Background Diabetes Mellitus is a chronic disease, which requires a level of confidence among the sufferers in its management. Objective This study investigated the effect of an educational intervention program on self-efficacy (SE) in diabetes individuals with type 2 diabetes mellitus in South-East, Nigeria. Method The study was a quasi-experimental controlled study, comprising 382 individuals with type 2 DM selected and assigned to Intervention (IG) and Control Groups(CG). The instrument for data collection was the Stanford Chronic Disease Self-Efficacy Scale (SCDS). Pretest data were collected, and thereafter education on diabetes management was given to the IG group. The IG was followed up for six months. At the end of six months, post-test data were collected using the same instrument.

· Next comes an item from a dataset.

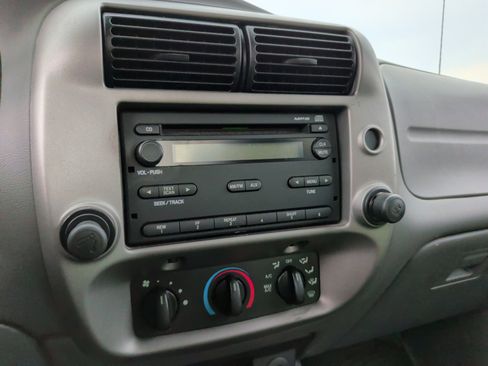 Used 2010 Ford Ranger XLT image 17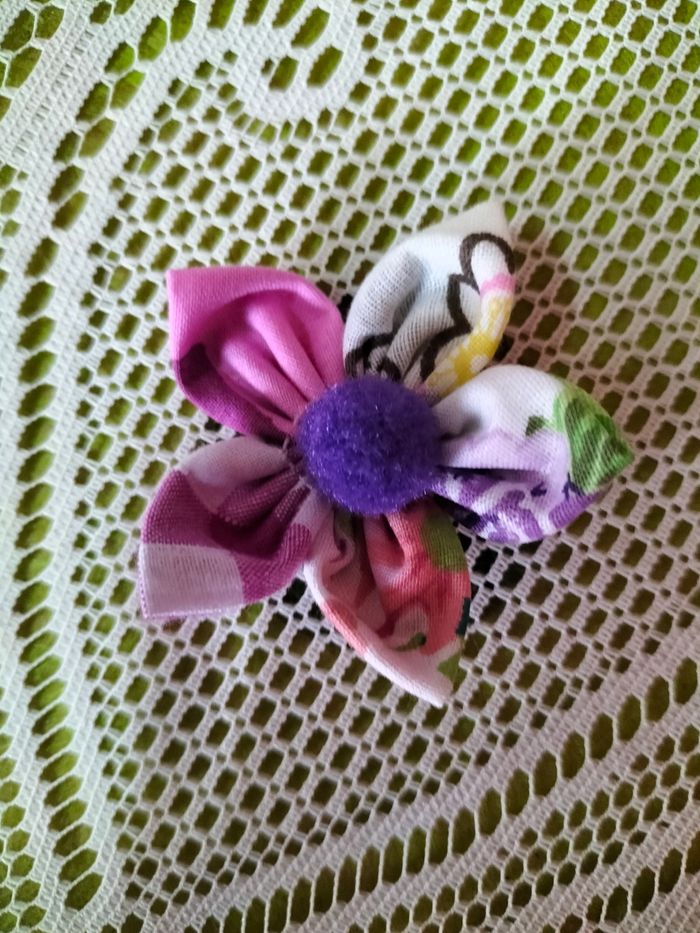 Petite fleur artisanale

Data were analyzed using Pearson Chi-square test statistics. A p-value less than 0.05alpha level was considered significant. Result More than 25% of all study participants had low self-efficacy in most domains of self-efficacy before intervention. Participants in IG and CG were similarly spread across all self-efficacy domains before intervention except in the social recreation domain where the IG had a significantly, good proportion of participants with low self-efficacy (χ2 = 11.743, p = 0.003). Conclusion The study outcome after 6-months of intervention shows that a significant proportion of participants in IG moved from low to either moderate or high SE in almost all the SE domains (p ˂ 0.05), thus showing the effectiveness of education on the IG.